[Task prompt]
In the records below, find the line containing "Массажный ролик 4FIZJO" and transcribe it and every line after it exactly; leave the pictures out.

[Short descriptive text snippets]
%%

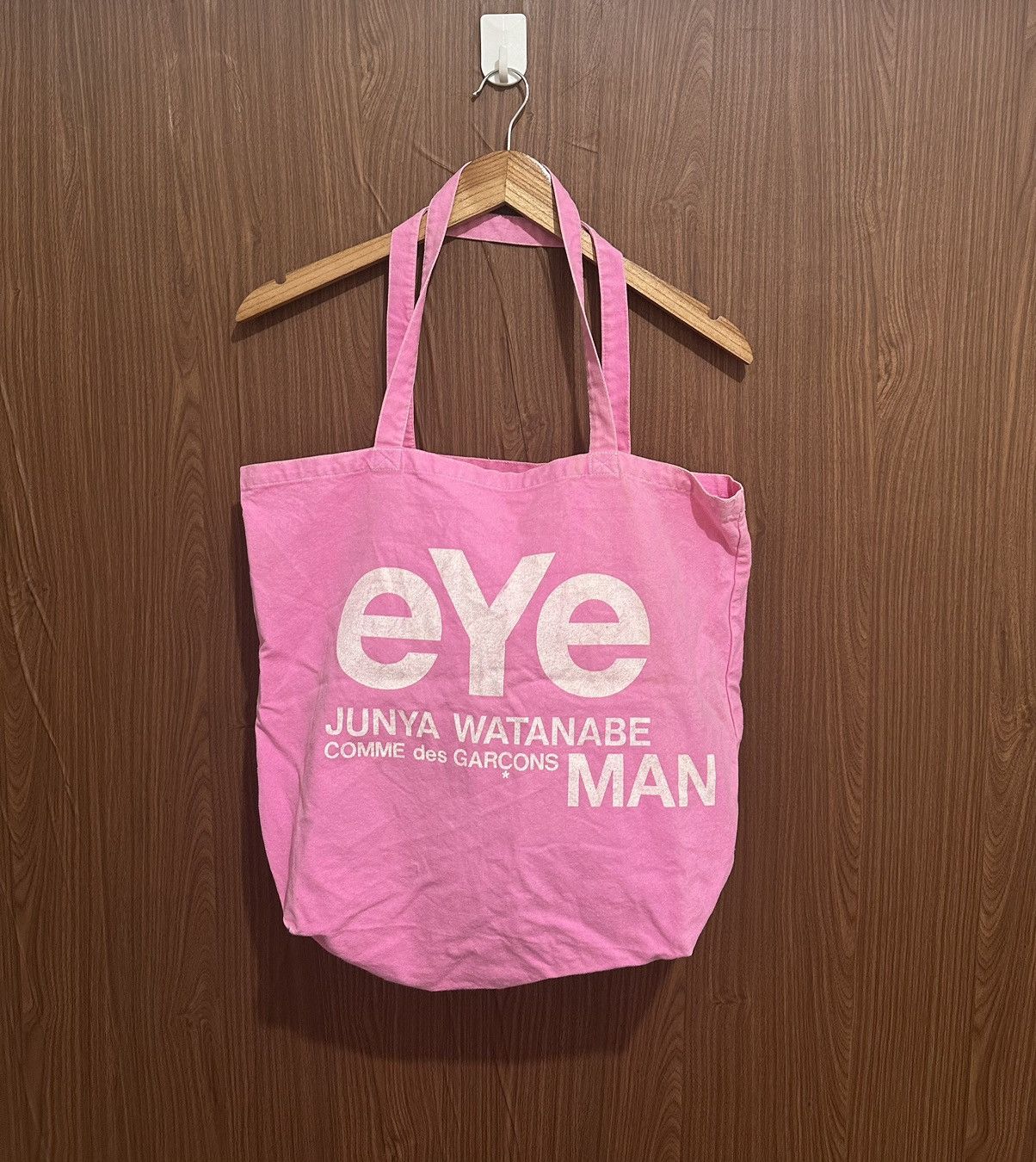 CDG x junya watanabe man eye pink totebag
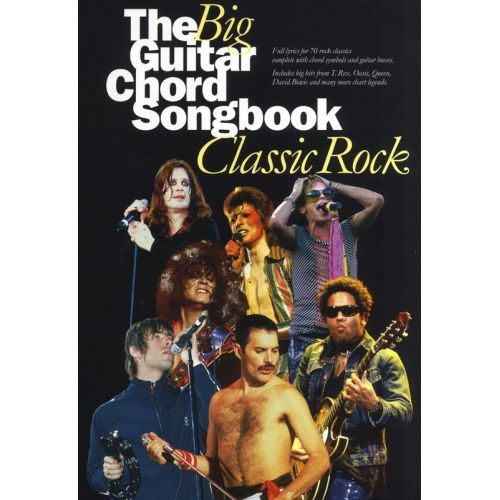 WISE PUBLICATIONS THE BIG GUITAR CHORD SONGBOOK - CLASSIC ROCK - LYRICS AND CHORDS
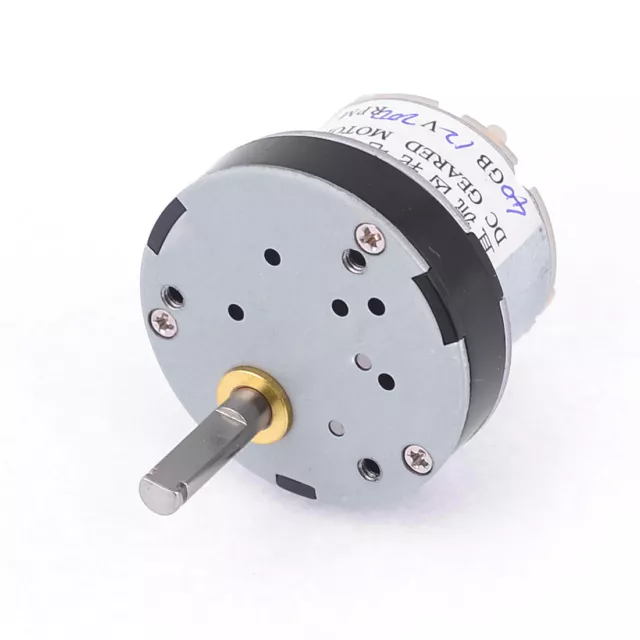 DC 12V 200RPM Getriebemotor Speed Reduzieren Micro Motor Getriebe 5mm Schaft Dmr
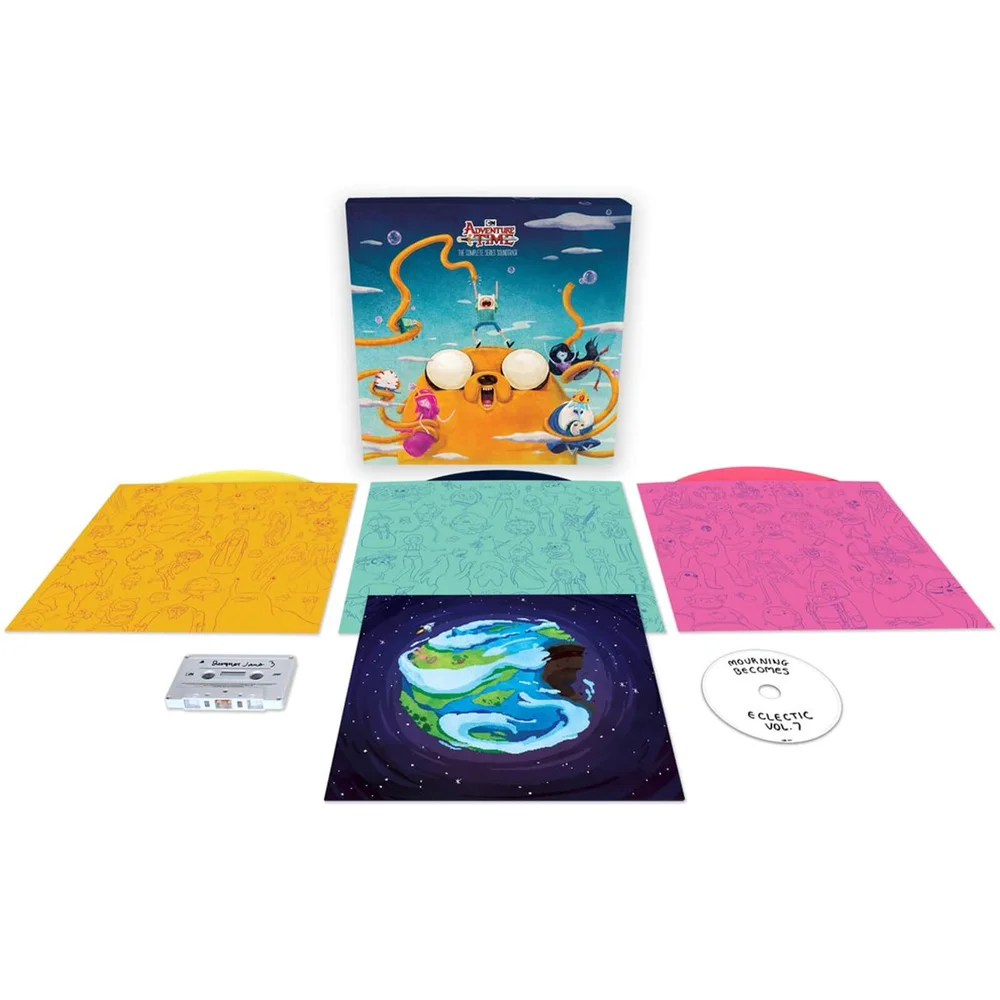 Mondo - ADVENTURE TIME - The Complete Series Soundtrack LP Box Set Image 1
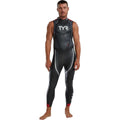 TYR HCAFSM6A717M/L MenS Hurricane Wetsuit Cat 5 Sleeveless Silver/RED M/L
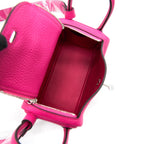 Hermes Mini Lindy Rose Shocking SHW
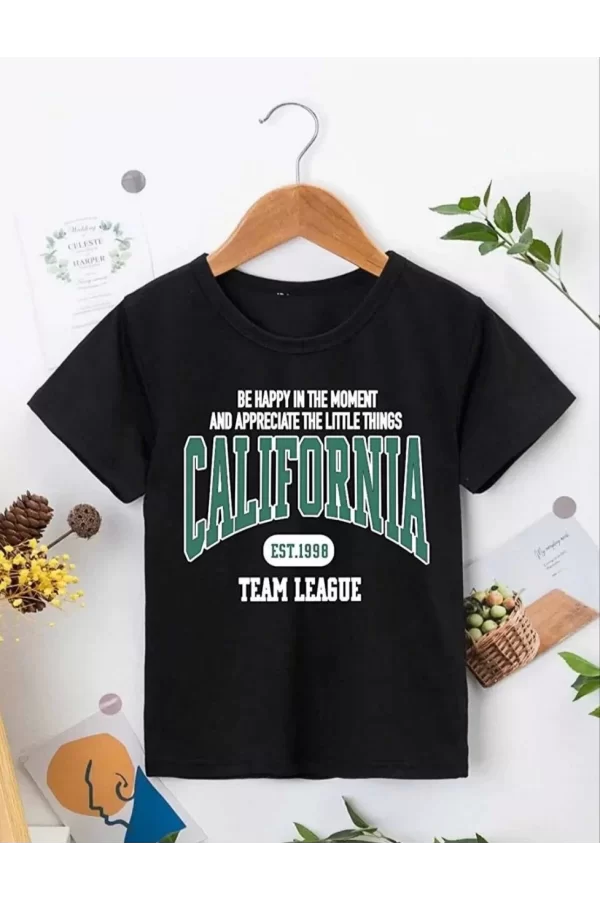 Luz&Pos Erkek Çocuk Baskılı T-shirt - Siyah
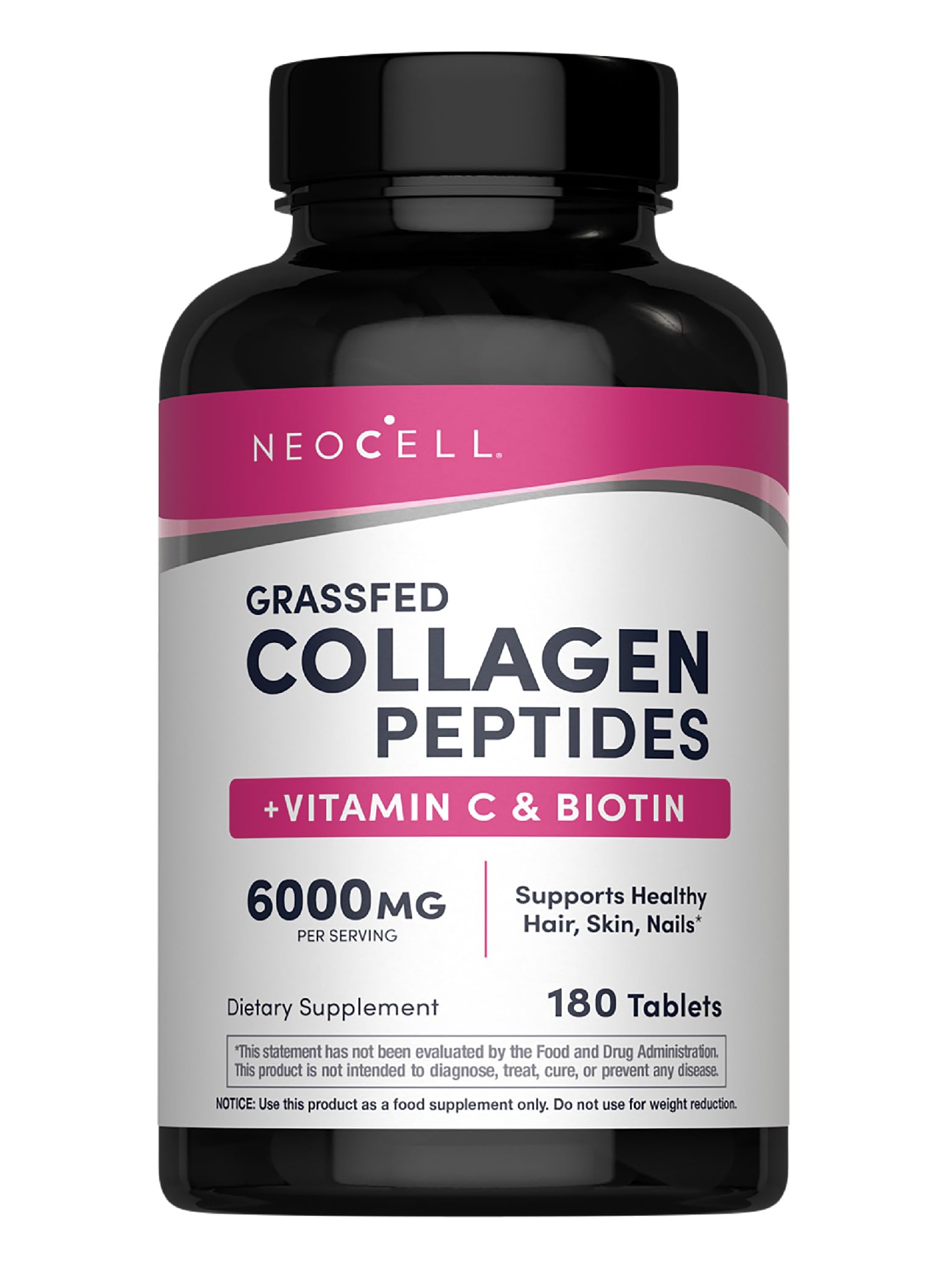 NeoCell Super Collagen bottle with 180 tablets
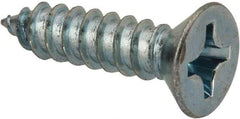 Value Collection - #12 Flat Head Phillips Sheet Metal Screw - Steel, 7/8" OAL, AISI 1016, ASME B18.6.3, ASME B18.6.4 & SAE J933, Grade 1016-1024 - Apex Tool & Supply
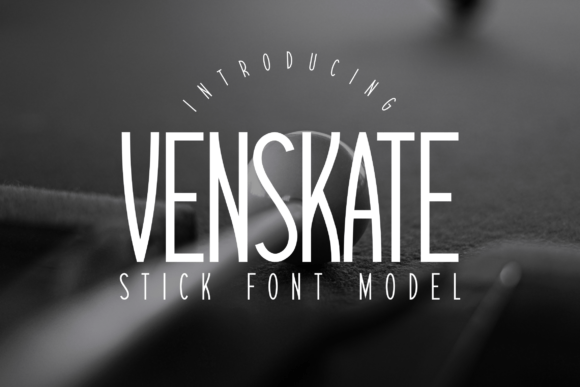 Venskate: A Sleek Sans Serif Display Font for Modern Branding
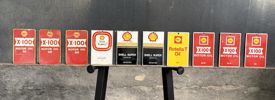 Shell Olieskilte (10 stk.)
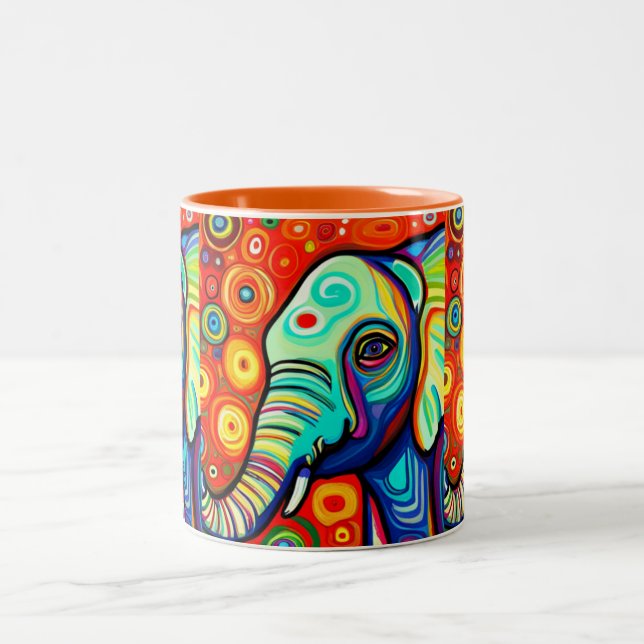 Taza Bicolor Elefante excéntrico (Centro)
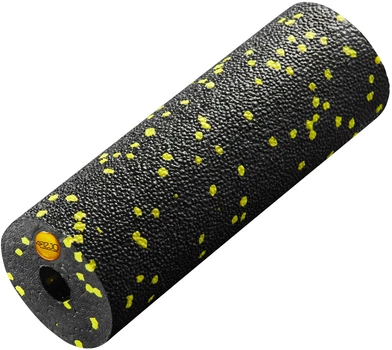 Массажный ролик 4FIZJO Mini Foam Roller 15 x 5.3 см (валик, роллер) Black/Yellow (P-5907222931790)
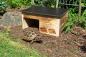 Preview: Woidherz XXL burnt wood tortoise house for outdoor garden enclosure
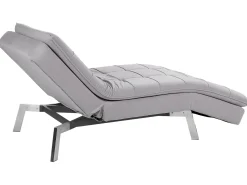 Chaise longue LOIRET Velluto Grigio chiaro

%%

[Answer for the task]
 Массажный ролик 4FIZJO Mini Foam Roller 15 x 5.3 см (валик, роллер) Black/Yellow (P-5907222931790)
 Preview: Woidherz XXL burnt wood tortoise house for outdoor garden enclosure
 Chaise longue LOIRET Velluto Grigio chiaro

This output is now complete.